絹糸で透ける生地を作るのは絡み織りという技法により可能で、平安時代から存在しています。現代でも「紗が掛かったような」という言い回しが残っています。弾絹(はじきぬ)は、頑丈で伸縮性もある繊維と設定していますので、合成繊維の透け生地並みに仕上がります。やったね!
男装の麗人は、その主人とともに重要なキャラクター。名前を出すと色々と解説が必要になってしまいますので、本話時点では敢えて触れませんでした。第74話で再登場しますが、ご想像の通り、森人貴族である神官補の副官です。神官補は実は閑話で名前も登場済みでございます。
普人の第三段階以上は五百人に一人程度。三人が聞き出した「現在ヴェイザにいる13人」というのは文字通りの意味なので、「旅の神官補」として巡回診療に出ている光魔術士が別にいます。また第二段階は勿論、火や水などを少し出せるだけの第一段階杖使いは、それなりに存在します。
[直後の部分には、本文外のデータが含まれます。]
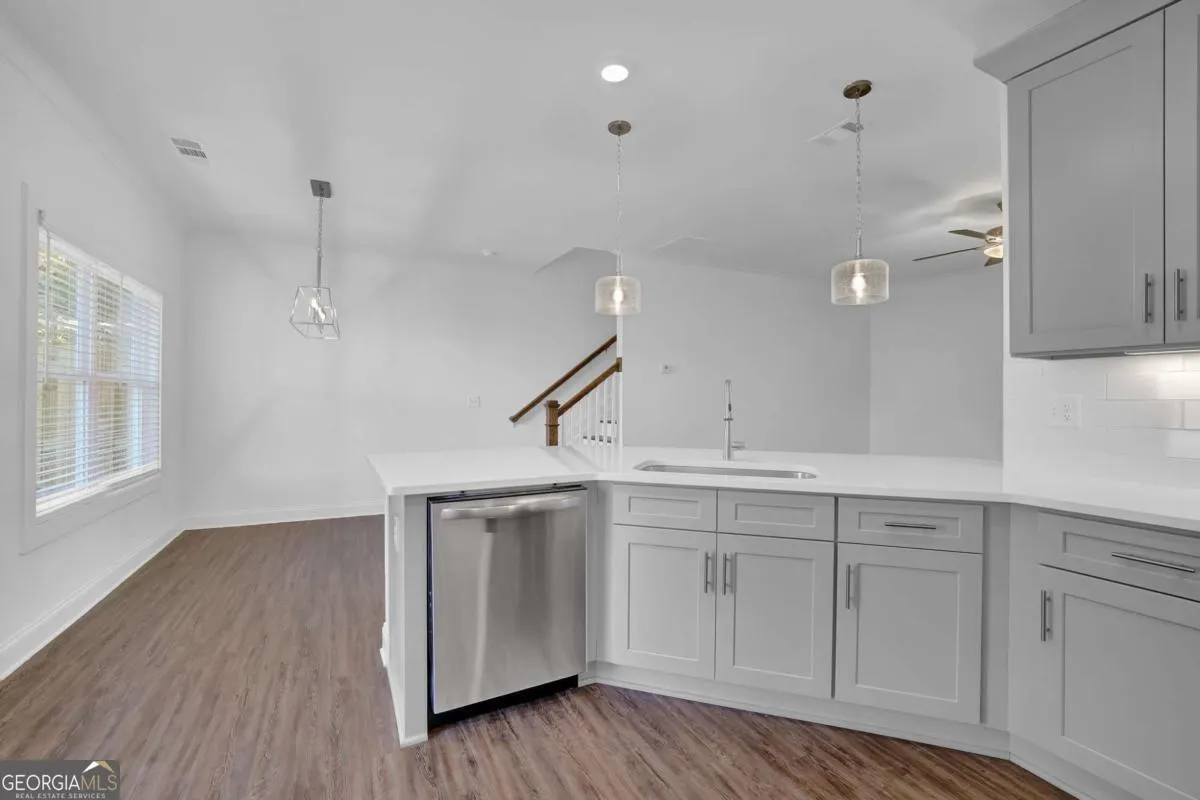 15 310 Heron Street, #15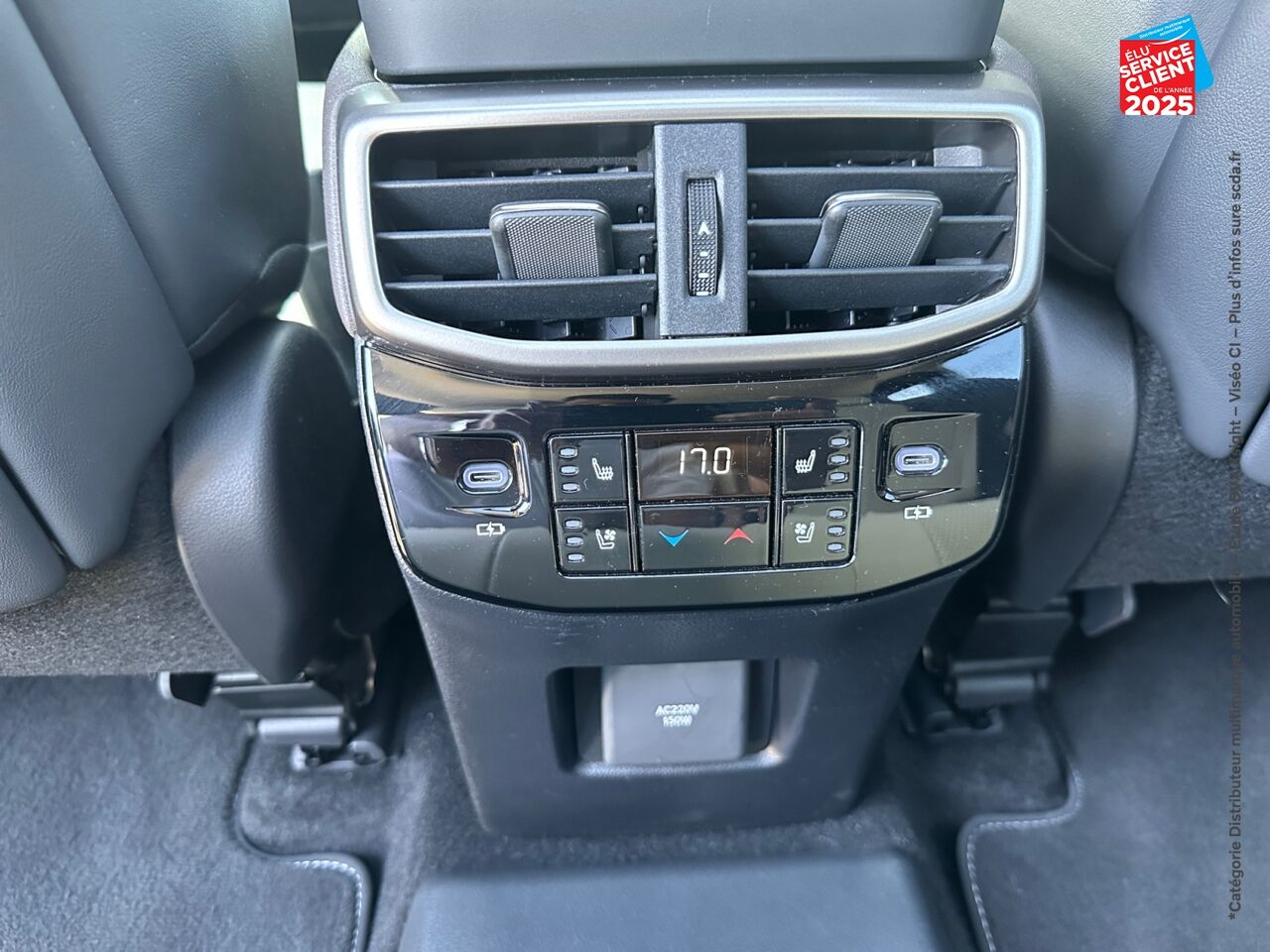 Véhicule d'occasion LEXUS RX 450H+ EXECUTIVE 4WD chez Fiat Dijon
ハルキトヤ(Harkitja):har(古ノルド語でhairの語源)+kitja(同cutの語源)、すなわちヘアカット。
21歳。「登仙楼」に二名いる「大花」のひとり。優しい雰囲気が売りの美女だが情熱的な一面も。髪結の腕前は一流で裁縫も無難に熟せる。妾として髪結店を出させるという身請け話があるが、乗り気ではない。